The primary differences between basic and comprehensive fishery improvement projects are the level of scoping to inform development of the workplan, the objectives, and the verification required.

Comprehensive FIPs aim to address all of the fishery’s environmental challenges necessary to achieve a level of performance consistent with an unconditional pass of the MSC Fisheries Standard. Comprehensive FIPs engage a party experienced with applying the MSC standard to complete an MSC pre-assessment to understand the challenges in the fishery and must have independent, in-person audits of progress against the MSC standard every three years.

Some FIPs change from basic to comprehensive over time, and when appropriate, seafood business can play an important role in encouraging basic FIPs to transition to comprehensive.
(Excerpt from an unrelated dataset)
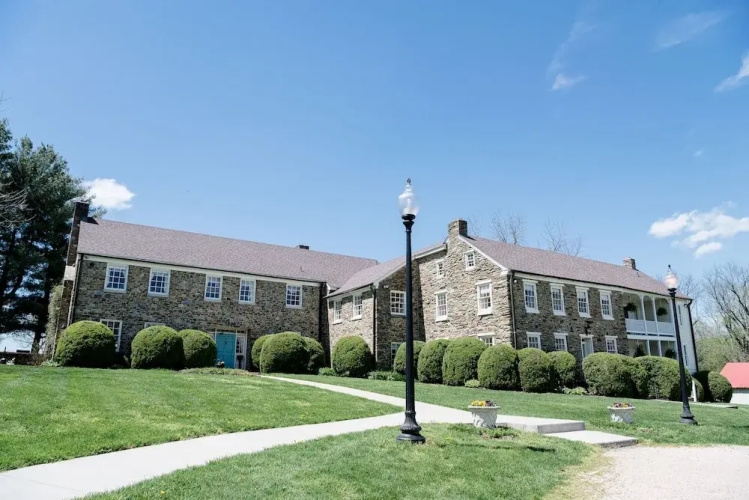 Inn at Stone Manor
How to Tell if a FIP is Making Progress

How a fishery’s scores change over time is an indicator of how the fishery is improving. A summary of how the fishery’s scores have changed since the start of the FIP is available on FisheryProgress in the “FIP at a Glance” section on the Overview tab. You can access more detailed information for each FIP on the Improvement Progress tab.
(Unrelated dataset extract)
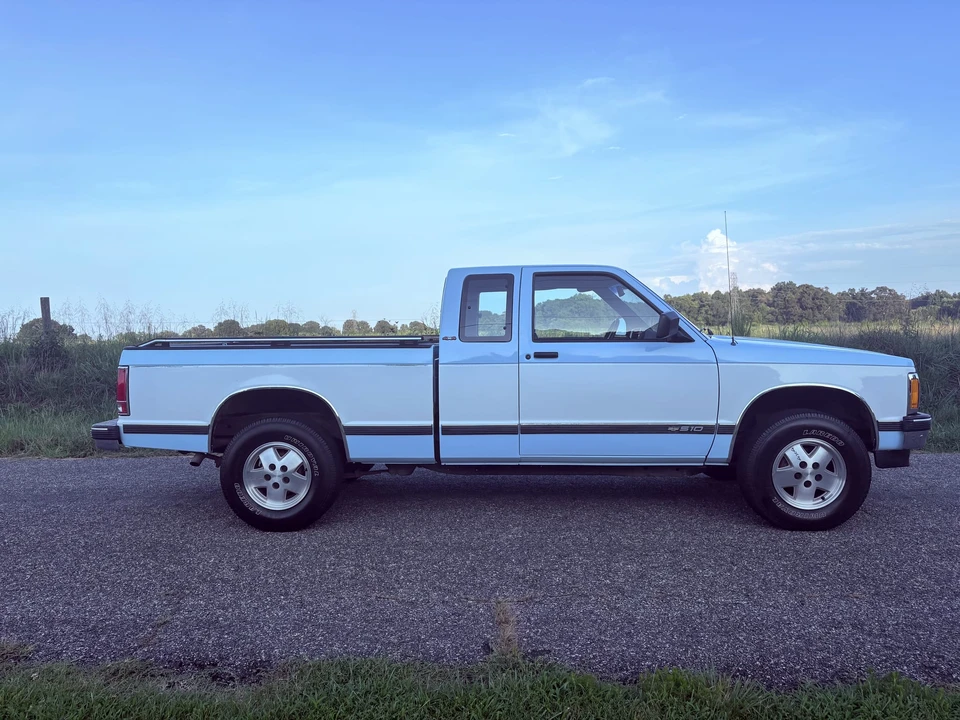 1991 Chevrolet S-10 - Image 16 of 31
Reviewing the progress the FIP is making against its workplan is another indicator of the FIP’s progress. On FisheryProgress, a FIP reports all progress against their workplan on the Actions Progress tab. This includes the results of FIP actions and tasks. FIP actions are listed as Completed, On Track, or Behind Schedule. Narrative updates are available by clicking on the Action Name.

The FIP progress rating reflects the rate of progress in the FIP against specific time benchmarks. Each FIP has an A - E progress rating associated with it. See the Sustainable Fisheries Partnership (SFP) FIP Evaluation Tool for more information about how the progress ratings are derived.

Products from FisheryProgress FIPs on FishChoice

Symbol Summary Definition
Fishery Improvement Project (FIP) on FisheryProgress Identified seafood source is currently in an active basic or comprehensive fishery improvement project (FIP) on and the supplier identified for the product is listed as a participant on the associated FIP profile.*
*FishChoice does not recommend identifying products from a FIP outside the parameters described above — either on our site or while using our tools. FishChoice recommends that businesses who source products from sources that overlap with a FIP, but that are not directly in that FIP, identify their non-FIP source as well to best inform staff and customers. It is the responsibility of FishChoice Partners to ensure the sourcing information they provide to FishChoice is reflective of their product sourcing. FishChoice does not independently validate any Partner sourcing information and is not responsible for the accuracy of sourcing information displayed on the product page.